2. Particle Querying

Once the cache is up to date, particles can be retrieved efficiently via the following methods:

  • **get_obstacles_in_cell()** Takes an active cell iterator and returns all particles relevant to that cell (i.e., particles overlapping or in the immediate vicinity of the cell). It basically just looks up the coarse-level cell-list cache for the cell and its neighbors, making it a very cheap call independent of the total number of particles in the global domain.
  • **find_particles_in_neighborhood()** Takes a particle and returnins all particles within a certain distance. Like the cell query, this leverages the coarse-level cell-list cache making the function very cheap and independent of the total number of particles in the global domain.
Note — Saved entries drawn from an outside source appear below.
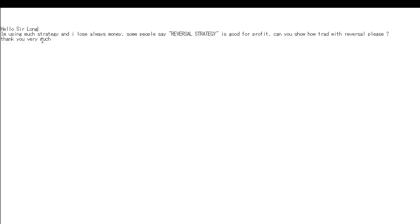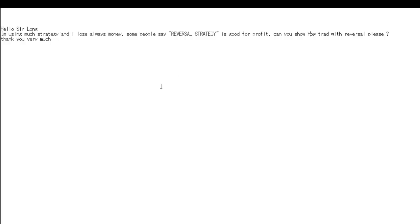Thank you for watching this candlestick trading video. I have been using many strategies and I lose all my money. Some people say reversal strategy is good for profit. Can you show how to trade with reversal please? Thank you.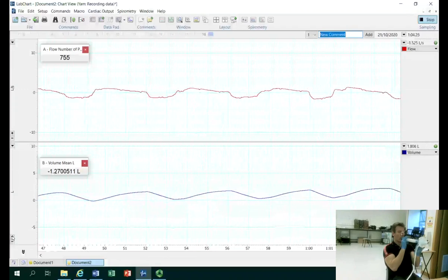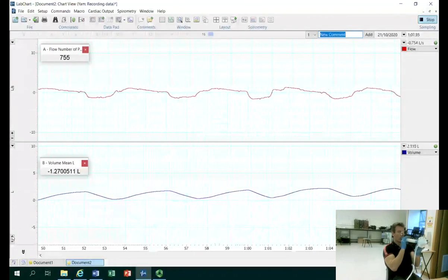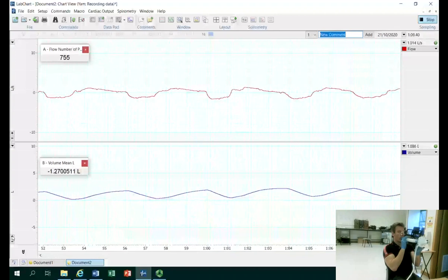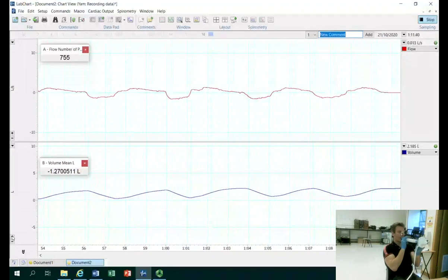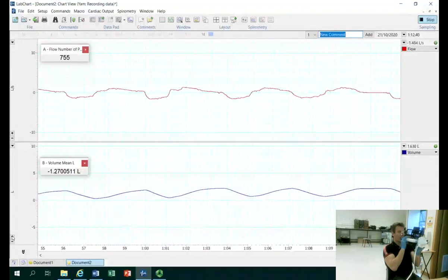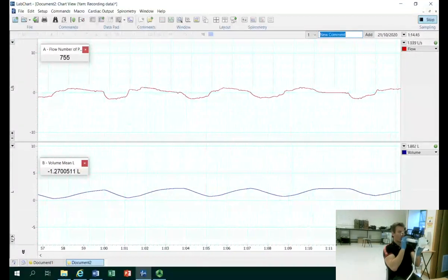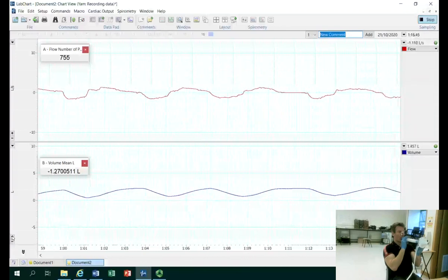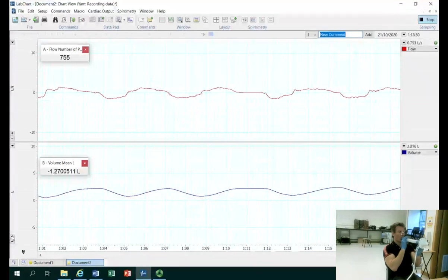We have about a minute's worth of data collected there. I'm going to ask the participant at this point, after maybe 2 or 3 breaths, when they get to the top of their normal tidal volume, to breathe in as far as they can and then breathe out as hard and fast as possible.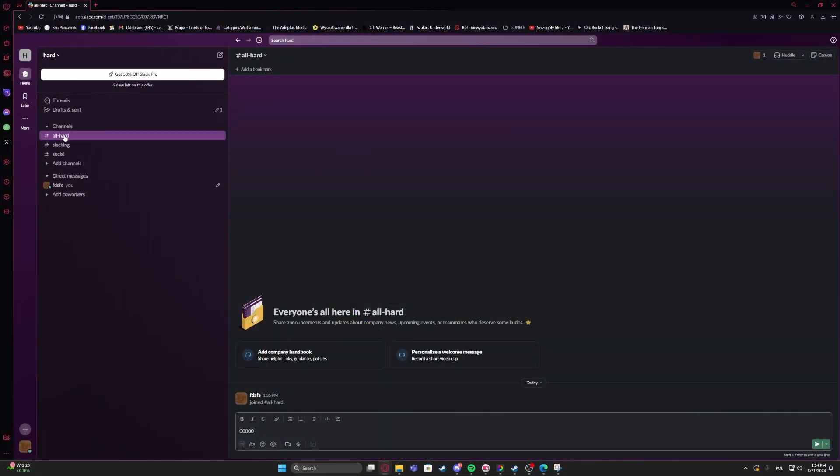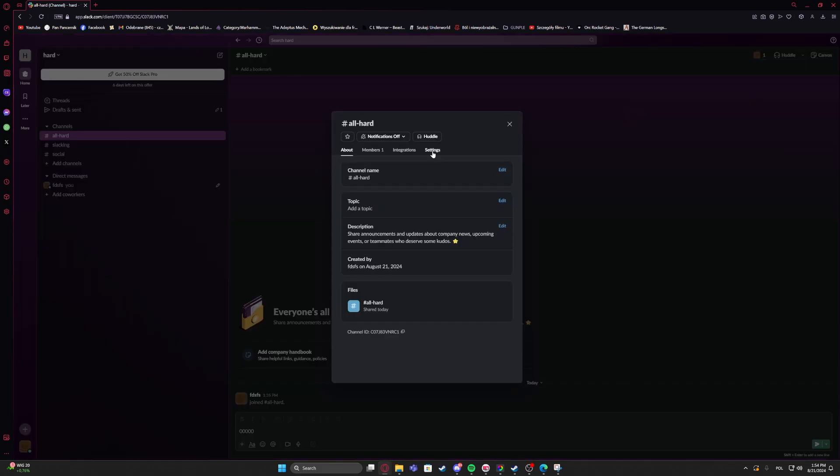To do this, first you will need to right-click on one of the channels, navigate to view channel details.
Member Enumeration Documentation

◆ NotifyEvent

template<int dim, typename number , typename ObstacleType >
enum class MeltPoolDG::CellListParticleHandler::NotifyEvent
strong

The type of event that can trigger a notification to subscribers of the obstacle data structure.

Enumerator
ObserverInitialization 

Initialization of the observer. This event is triggered as soon as the observer is registered with the obstacle data structure.

UpdateGhostParticleProperties 

Triggered when the properties of ghost particles are updated. This event is typically triggered after a call to update_ghost_particle_properties().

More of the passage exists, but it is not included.